This repository provides a source code and data for the paper "Improving Results on Russian Sentiment Datasets" (Anton Golubev and Natalia Loukachevitch, AINL 2020)
- python: 3.7.1
- pytorch: 1.0.0
- tensorflow: 1.13.1 (only needed for converting BERT-tensorflow-model to pytorch-model)
- numpy: 1.15.4
- nltk
- sklearn
- pandas
- os
- tqdm
- json
- xml
- argparse
All 5 datasets are already cleaned and preprocessed. If you are interested in raw data, corresponding links are provided in the paper.
Dataset | Name |
---|---|
News Quotes ROMIP-2013 | romip_2012 |
SentiRuEval-2015 Telecom | sentirueval_2015_telecom |
SentiRuEval-2015 Banks | sentirueval_2015_banks |
SentiRuEval-2016 Telecom | sentirueval_2016_telecom |
SentiRuEval-2016 Banks | sentirueval_2016_banks |
Run following command to prepare for tasks any dataset from table:
python csv2json.py --dataset name
Now you need to create samples by converting data to a special format for submission to BERT model.

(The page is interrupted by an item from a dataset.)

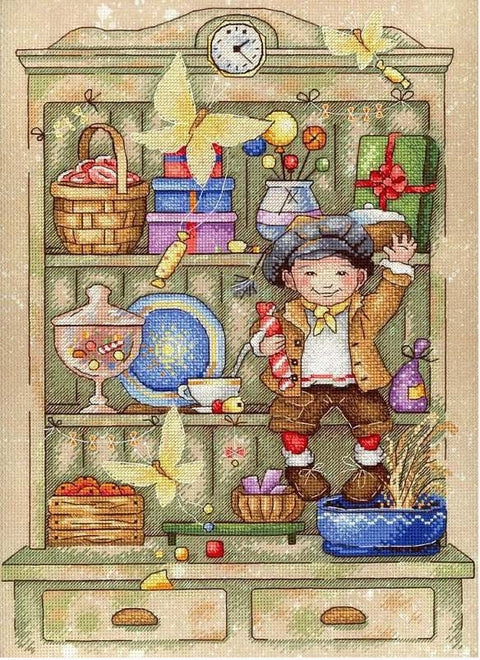 Siuvinėjimo komplektas „Saldžiamėgis“ su Aida 18 — 29 × 21 cm - kaSiulai.lt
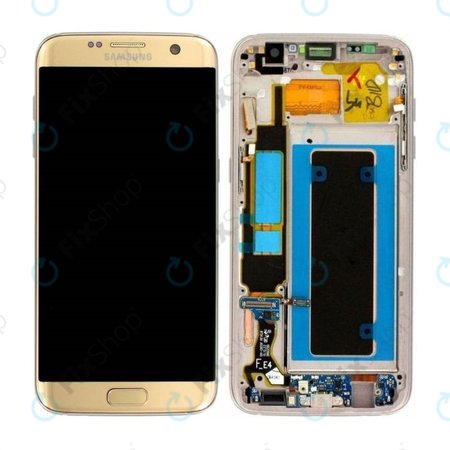 Samsung Galaxy S7 Edge G935F - LCD zaslon + steklo na dotik + okvir (Gold) - GH97-18533C, GH97-18594C, GH97-18767C Genuine Service Pack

Run following commands to create samples for tasks:
cd generate/
bash make.sh rambler2011_json
Download RuBERT or Conversational RuBERT (DeepPavlov's pre-trained models) and then convert a tensorflow checkpoint to a pytorch model.
By the example of Conversational RuBERT:
python convert_tf_checkpoint_to_pytorch.py \
--tf_checkpoint_path ru_conversational_cased_L-12_H-768_A-12/bert_model.ckpt \
--bert_config_file ru_conversational_cased_L-12_H-768_A-12/bert_config.json \
--pytorch_dump_path ru_conversational_cased_L-12_H-768_A-12/pytorch_model.bin
Model training and testing are combined into one python script with the ability to test several methods. For example:
python evaluate_all_problems.py \
--bert_model ru_conversational_cased_L-12_H-768_A-12 \
--train_batch_size 12 \
--num_train_epochs 2.0 \
--train_models True \
--tasks QA_M NLI_M single QA_B NLI_B
A table with chosen methods and all necessary metrics will be displayed after evaluation.
@misc{golubev2020improving,
title={Improving Results on Russian Sentiment Datasets},
author={Anton Golubev and Natalia Loukachevitch},
year={2020},
eprint={2007.14310},
archivePrefix={arXiv},
primaryClass={cs.CL}
}